MELT Evaluation Client

If you have one or more packaged matching systems (SEALS, Docker Web) or simply a URL pointing to a matching service and want to evaluate those, you can write a Java program to evaluate those.

Alternatively, you can use the MELT Evaluation Client which is discussed in this section. The client is a simple java command line tool that is executed in a terminal and does not require any coding skills or deep understanding of MELT, SEALS, or the Docker Web format. The client requires as input IDs of the available built-in tracks. Alternatively, local tracks/ontologies can alo be given as input.

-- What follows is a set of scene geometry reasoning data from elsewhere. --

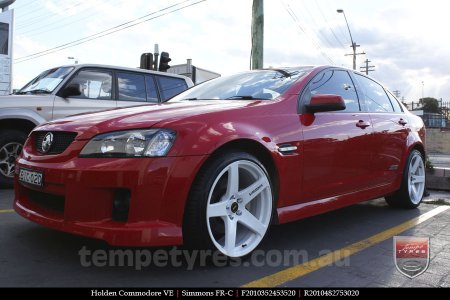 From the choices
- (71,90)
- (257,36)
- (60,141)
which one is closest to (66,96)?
(71,90)

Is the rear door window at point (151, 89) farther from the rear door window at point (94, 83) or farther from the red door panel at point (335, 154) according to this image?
the red door panel at point (335, 154)

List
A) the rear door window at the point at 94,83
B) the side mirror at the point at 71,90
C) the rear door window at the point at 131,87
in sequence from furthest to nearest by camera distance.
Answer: the rear door window at the point at 131,87 → the rear door window at the point at 94,83 → the side mirror at the point at 71,90

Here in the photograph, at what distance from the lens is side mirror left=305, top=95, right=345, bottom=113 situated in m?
3.46

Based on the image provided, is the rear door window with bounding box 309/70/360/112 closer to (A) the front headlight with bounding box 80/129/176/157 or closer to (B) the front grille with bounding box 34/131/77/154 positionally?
(A) the front headlight with bounding box 80/129/176/157

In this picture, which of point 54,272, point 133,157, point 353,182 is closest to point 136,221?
point 133,157

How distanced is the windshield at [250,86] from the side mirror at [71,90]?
2228mm

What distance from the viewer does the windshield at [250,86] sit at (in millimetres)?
3652

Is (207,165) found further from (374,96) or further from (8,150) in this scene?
(8,150)

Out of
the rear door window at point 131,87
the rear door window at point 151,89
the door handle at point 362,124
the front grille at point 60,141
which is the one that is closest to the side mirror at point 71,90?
the rear door window at point 131,87

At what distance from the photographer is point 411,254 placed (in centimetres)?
330

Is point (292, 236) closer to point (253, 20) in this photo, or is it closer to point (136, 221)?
point (136, 221)

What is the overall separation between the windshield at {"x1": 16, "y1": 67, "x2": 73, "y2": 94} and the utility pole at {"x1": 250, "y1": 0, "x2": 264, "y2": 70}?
620 centimetres

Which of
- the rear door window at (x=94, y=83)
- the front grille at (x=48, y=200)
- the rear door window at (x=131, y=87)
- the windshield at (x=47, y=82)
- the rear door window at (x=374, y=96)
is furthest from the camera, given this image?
the rear door window at (x=131, y=87)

You can download the latest version of the command line tool on GitHub.

Using the Command Line Tool

The most straight forward way to use the tool is as follows:

java -jar matching-eval-client-latest.jar --systems <system-1-path> <system-2-path> <...> --track <location-URI> <collection-name> <version>

The results will be printed on the command line.

Help/Documentation

java -jar matching-eval-client-latest.jar --help

Types of Systems

The evaluation client will automatically detect the following types of matchers:

  1. Web package (docker file) - automatically detected by path ending with .tar.gz
  2. SEALS package - automatically detected by path ending with .zip
  3. Web package (URL) - in all other cases an URL is assumed

Advanced Features

Java 8

Evaluating SEALS packages requires Java 8. If you do not use Java 8 as your default java runtime, you can specify the Java 8 location using parameter --java8 <path to Java 8>.

Serializing Alignments and Details

If you want to access the system alignments and/or have a more detailed evaluation report, you can specify an output directory via --results. The reports are generated by the EvaluatorCSV and you can find an explanation of the generated file structure in the corresponding section of the user guide.

Evaluating a Local Test Case

If you have a local test case (i.e. two ontologies and a reference alignment) on disk that you want to evaluate, you can use option --local-testcase <onto1-path> <onto2-path> <reference-path> instead of the --track option.

Evaluating a Local Track

If you have multiple local test cases that you want to evaluate simultaneously (micro/macro precision etc.), you can create a local track. Create a folder structure as described in the local track section of the user guide and use the --local-track <folder> <name> <version> option where name and version can be freely set.